The Underlying Cause of Suicides and Homicides with SSRI Antidepressants:
Is It the Drugs, the Doctors, or the Drug Companies?
How a dysfunctional medical-pharmaceutical complex causes and perpetuates unnecessary harm.
Jay S. Cohen M.D.Reports of unusual, severe reactions with selective serotonin reuptake inhibitor antidepressant drugs (SSRIs) emerged soon after the first SSRI, Prozac, was introduced in 1988. One of my own patients, a woman with a mild depressive disorder and no history of major psychiatric symptoms, became psychotic after just three days on Prozac. Another woman, a highly successful attorney, developed such severe panic attacks that she couldn't work. Such cases were reported so frequently that Congress held hearings on the issue in the early 1990s. But because the hearings got no further than arguing whether SSRIs cause suicidal and homicidal behavior or not, and never looked at the underlying causes, nothing was accomplished.
I have never doubted that SSRIs (Prozac, Paxil, Zoloft, Celexa, Lexapro, Luvox, Effexor, Sarafem) can provoke impulsive, violent behavior. Now, sixteen years after the first reports, British regulatory authorities have acted against the use of SSRIs in children because of an increased incidence of suicide. This forced the U.S. Food and Drug Administration to take a second look. In early February 2004, a FDA advisory committee heard powerful testimony from bereaved parents and medical experts and issued a call for stronger warnings on the labels of these drugs. The FDA is considering it.
Even if the FDA acts, will such warnings make any difference? Not likely. As the FDA has learned, adding warnings to package inserts does little to improve how doctors prescribe drugs.1-3 Doctors kept prescribing Rezulin and Seldane inappropriately despite added warnings, and patients continued dying until the drugs were withdrawn. About 20% of all medications ultimately require additional "black-box" warnings about dangerous side effects discovered after the drugs' approvals,1 yet despite these additional warnings, doctors' prescribing methods remain poor and the incidence of medication-caused hospitalizations and deaths remains high.
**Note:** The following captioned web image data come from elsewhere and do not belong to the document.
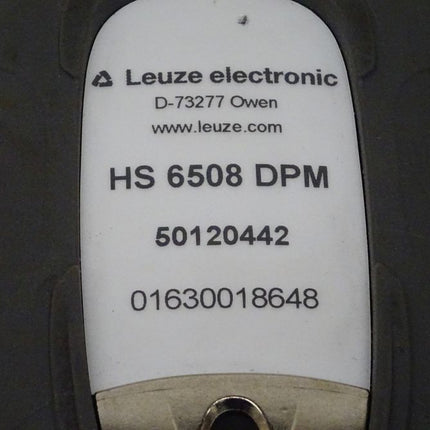 Leuze Electronic HS6508DPM / HS 6508 DPM Barcodescanner 50120442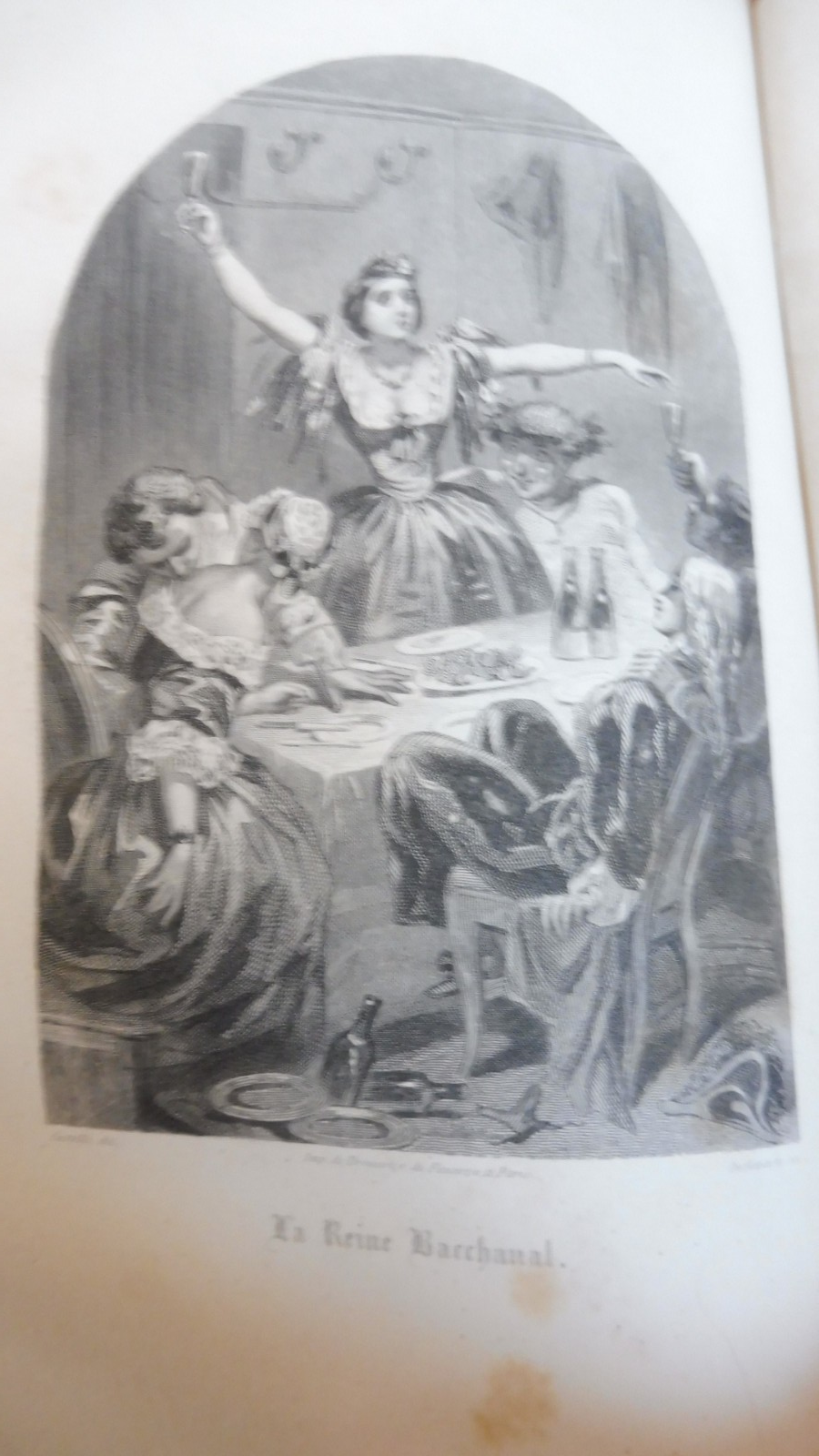 Le Juif errant (Eugène Sue) 1852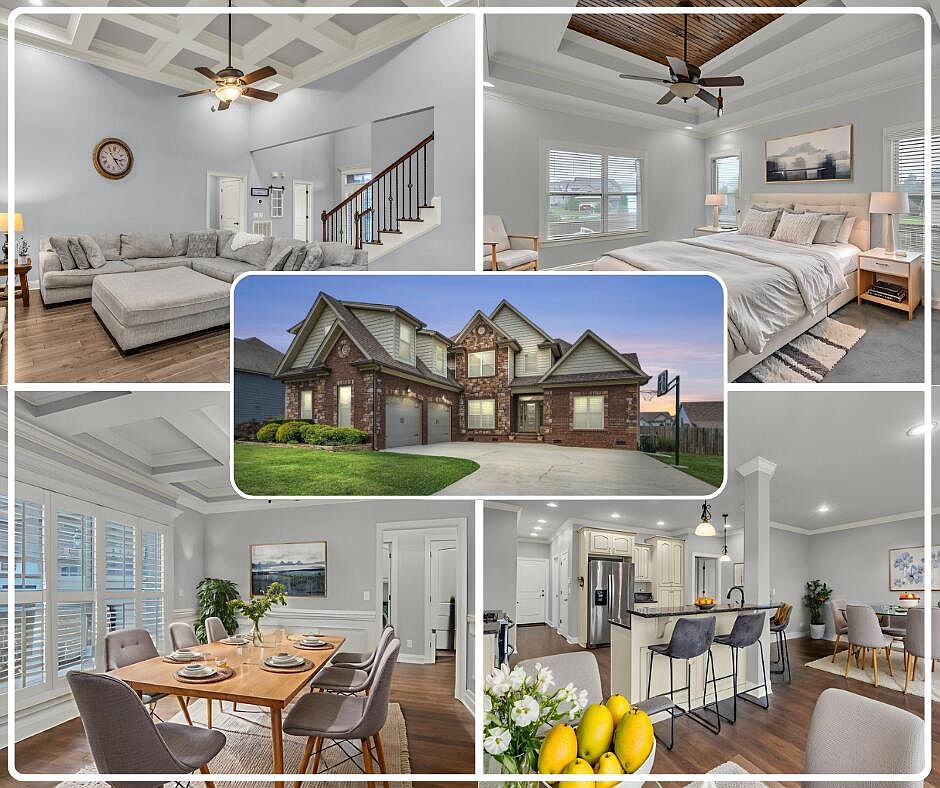 7459 Red Poppy Dr, Ooltewah, TN 37363 | Zillow
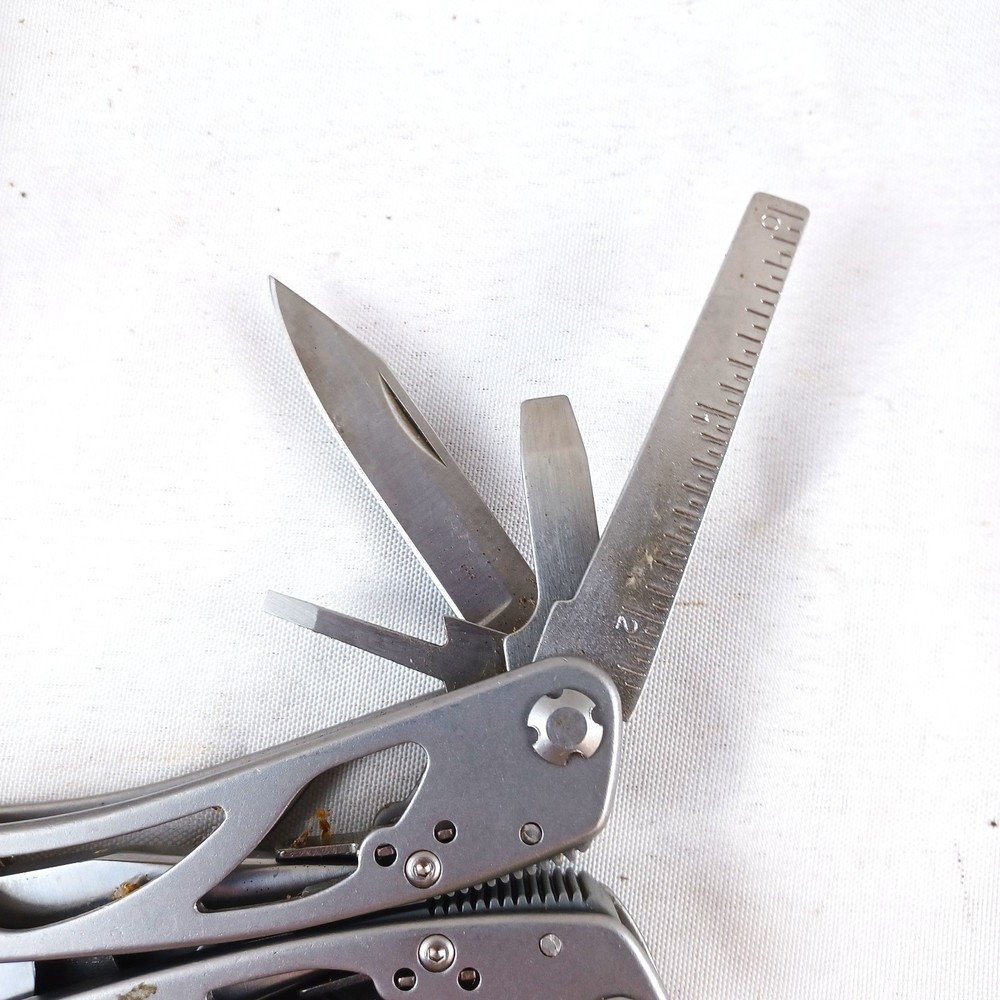 Winchester Multi Function Tool with Sheath Belt Loop Weather Resistant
Merely adding warnings to package inserts is inadequate because once doctors begin prescribing a drug, they don't read every updated package insert of every drug they use. Doing so would take hours, and package inserts are long and written in tiny, barely readable script, so new warnings are easily overlooked. Moreover, it usually takes years for such warnings to be added to package inserts, during which time doctors continue prescribing the drugs to millions of people. The fact is, most doctors rely on information provided by the drug companies' legions of sales representatives who accentuate the positive and downplay the negative.
What should be done? The answer is obvious: look at why these reactions are occurring and impose appropriate solutions.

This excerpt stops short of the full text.